[Stored items]
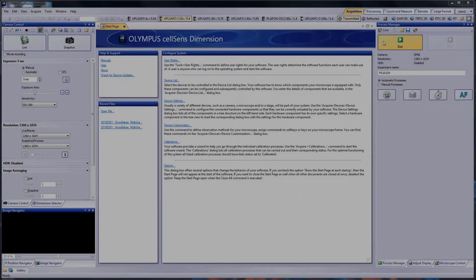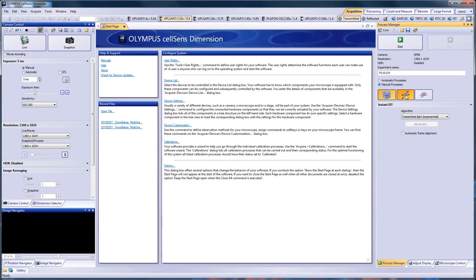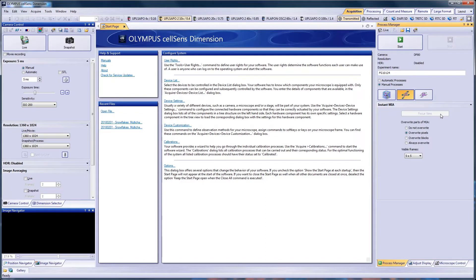To create an Instant MIA image, use the Process Manager tool window. Select the Manual Processes option and click the Instant MIA button. The Focus View button will become active after the acquisition process starts. Use this button to adjust the sample's focus during the acquisition.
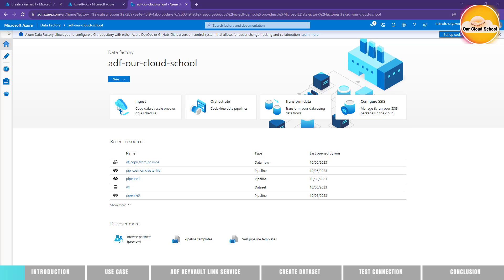Hello everyone, welcome back to the channel. You are watching Our Cloud School. Today in this video we are going to talk about how to create an Azure Key Vault based linked service. So far we have seen various different types of linked service options in our other demonstrations, but we have not configured any Key Vault based linked service. Today I'm going to show you how to create it and what is the use case to define and use the Key Vault based linked service option with Azure Data Factory.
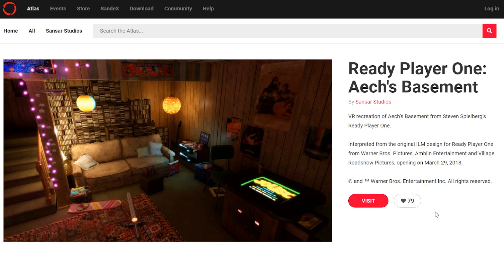Hi, I'm Elliot, and welcome to this quick start guide for getting ready with Sansar. I'm here on the webpage for the Sansar Atlas, and I want to get right into this really cool experience.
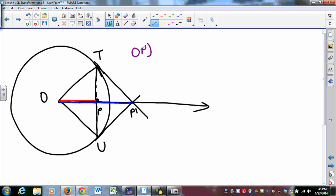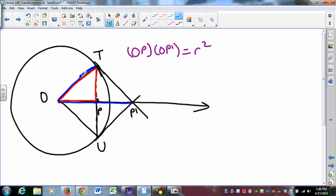We construct tangents to the circle at T and U. P prime is the place where those tangents cross ray OP. The claim is that OP times OP prime is equal to r squared. You can prove that by finding two similar triangles — which means we are obviously in a Euclidean geometry — whose sides are in such a proportion that this must be true. That is something we probably ought to talk about when we gather in class.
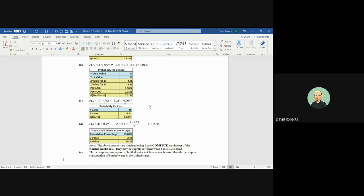So again, you can see it says the answers were used in the Excel Compute Worksheet from the normal workbook. And they'll be slightly different than the table. We're not using tables. Most people use tables in the old-fashioned way of doing things. And compare the answers to problem number 11, which I'm also going to do.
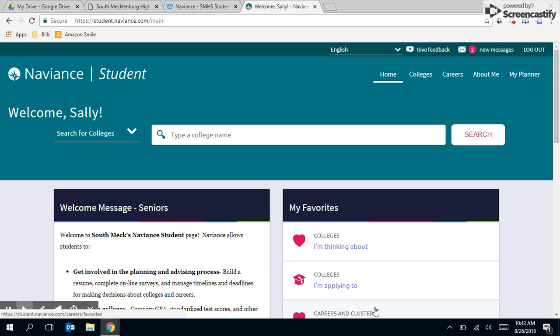This video will show you how to add and request a transcript for a school that you are applying to. Please keep in mind you can only do this step after you have added the school to your colleges I'm applying to. You only need to do this if you didn't request your transcript during the process of adding your school to the colleges you're applying to, or if you would like to go back in later and request your final transcript.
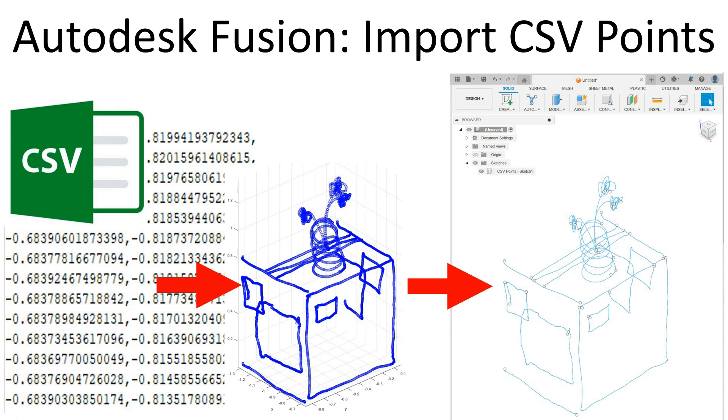Hello everyone and welcome to another video. Today I want to do a quick video talking about how to import CSV points into Fusion. This thumbnail tells the story pretty well.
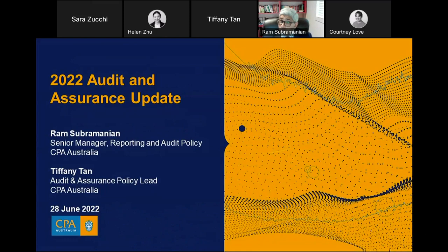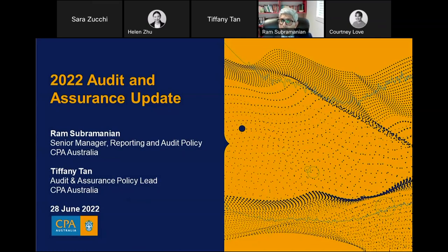We have people joining us from all over the country for today's webinar. I would firstly like to take a moment to acknowledge the traditional owners from around Australia and pay my respects to Elders past, present and emerging. I extend this acknowledgement to all Aboriginal and Torres Strait Islander people who may be joining us today. I would also like to acknowledge that today we are joined by the CPA Australia Board Deputy President, Professor Dale Pinto, FCPA online. Thank you for joining us, Dale.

== Problem details ==
Make an exact copy of the records above, one that has none of the pictures.

== Completed task ==
To create an Instant MIA image, use the Process Manager tool window. Select the Manual Processes option and click the Instant MIA button. The Focus View button will become active after the acquisition process starts. Use this button to adjust the sample's focus during the acquisition.
Hello everyone, welcome back to the channel. You are watching Our Cloud School. Today in this video we are going to talk about how to create an Azure Key Vault based linked service. So far we have seen various different types of linked service options in our other demonstrations, but we have not configured any Key Vault based linked service. Today I'm going to show you how to create it and what is the use case to define and use the Key Vault based linked service option with Azure Data Factory.
Hi, I'm Elliot, and welcome to this quick start guide for getting ready with Sansar. I'm here on the webpage for the Sansar Atlas, and I want to get right into this really cool experience.
We construct tangents to the circle at T and U. P prime is the place where those tangents cross ray OP. The claim is that OP times OP prime is equal to r squared. You can prove that by finding two similar triangles — which means we are obviously in a Euclidean geometry — whose sides are in such a proportion that this must be true. That is something we probably ought to talk about when we gather in class.
So again, you can see it says the answers were used in the Excel Compute Worksheet from the normal workbook. And they'll be slightly different than the table. We're not using tables. Most people use tables in the old-fashioned way of doing things. And compare the answers to problem number 11, which I'm also going to do.
This video will show you how to add and request a transcript for a school that you are applying to. Please keep in mind you can only do this step after you have added the school to your colleges I'm applying to. You only need to do this if you didn't request your transcript during the process of adding your school to the colleges you're applying to, or if you would like to go back in later and request your final transcript.
Hello everyone and welcome to another video. Today I want to do a quick video talking about how to import CSV points into Fusion. This thumbnail tells the story pretty well.
We have people joining us from all over the country for today's webinar. I would firstly like to take a moment to acknowledge the traditional owners from around Australia and pay my respects to Elders past, present and emerging. I extend this acknowledgement to all Aboriginal and Torres Strait Islander people who may be joining us today. I would also like to acknowledge that today we are joined by the CPA Australia Board Deputy President, Professor Dale Pinto, FCPA online. Thank you for joining us, Dale.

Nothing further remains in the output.